Special Travel Issue | United States

A rented Chrysler. A ton of maps. An irrational plan to visit the 48 contiguous United States in 16 days of driving. Better buckle up. By James Dannenberg

March 20, 2005|James Dannenberg | James Dannenberg is a freelance writer living in Hawaii.

It was a dumb idea, yet so simple there was a certain inevitability about it.

When my son Alex was 18, we were so inspired by "Road Fever," Tim Cahill's book on his record-setting drive from South America's Tierra del Fuego to the Arctic, that we sought some similarly impressive challenge. We devised a road trip through all the 48 contiguous states, charting and plotting and mapping an 8,000-mile counterclockwise course. We would aim high. We would go for a record.

Then reality crept in. The more we contemplated the map, the more we realized this wouldn't be fun; this would be insane. The maps went back in the drawer.

Five years went by and then five more. Alex grew up, got married and moved from our Hawaii home to the mainland. He was in Wisconsin, and the dream was on the back burner.

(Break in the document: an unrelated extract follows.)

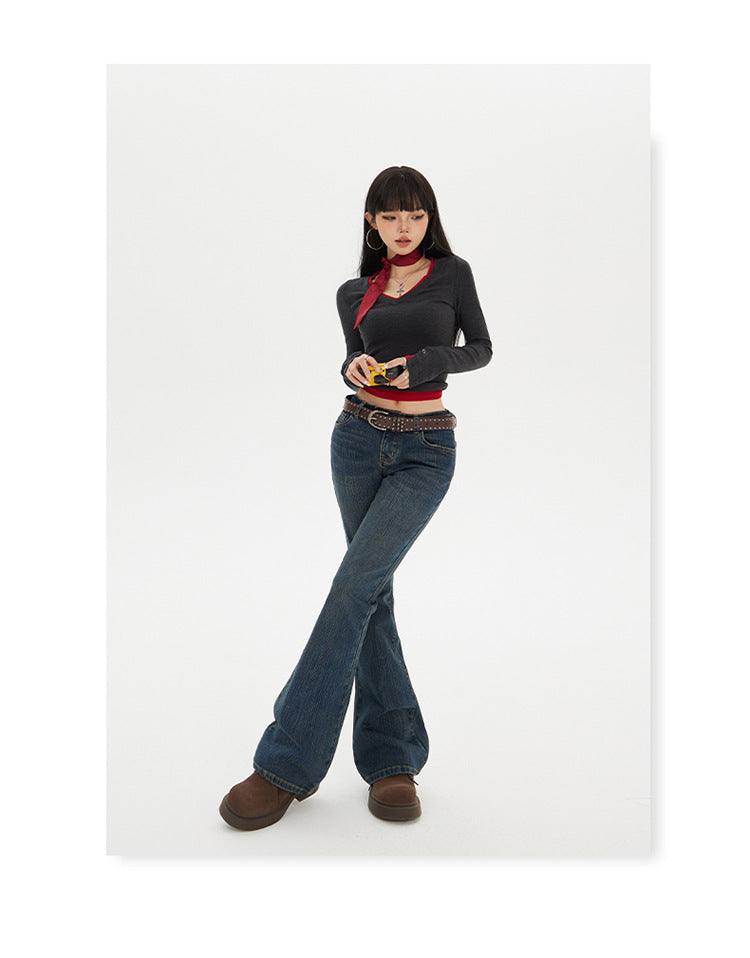 American Hot Girl Low-Waist Bootcut Jeans for Women 2025 Autum New Slim Fit Elastic Slimming Look Horseshoe Flared Pants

It simmered there, quietly. Maybe its ridiculousness kept it alive, but I still wanted to do it. And--to my satisfaction and surprise--so did Alex. He suggested coming with me--at least part of the way. Out came the map. This time, though, we decided it would be just--just!--a road trip, no record attempt. We'd get out on the open highway, step on the gas and see America first, if very, very quickly. When Jordan Kramer, an old friend from San Francisco, agreed to tag along for another leg, it was no longer a question. It was time to get this show on the road.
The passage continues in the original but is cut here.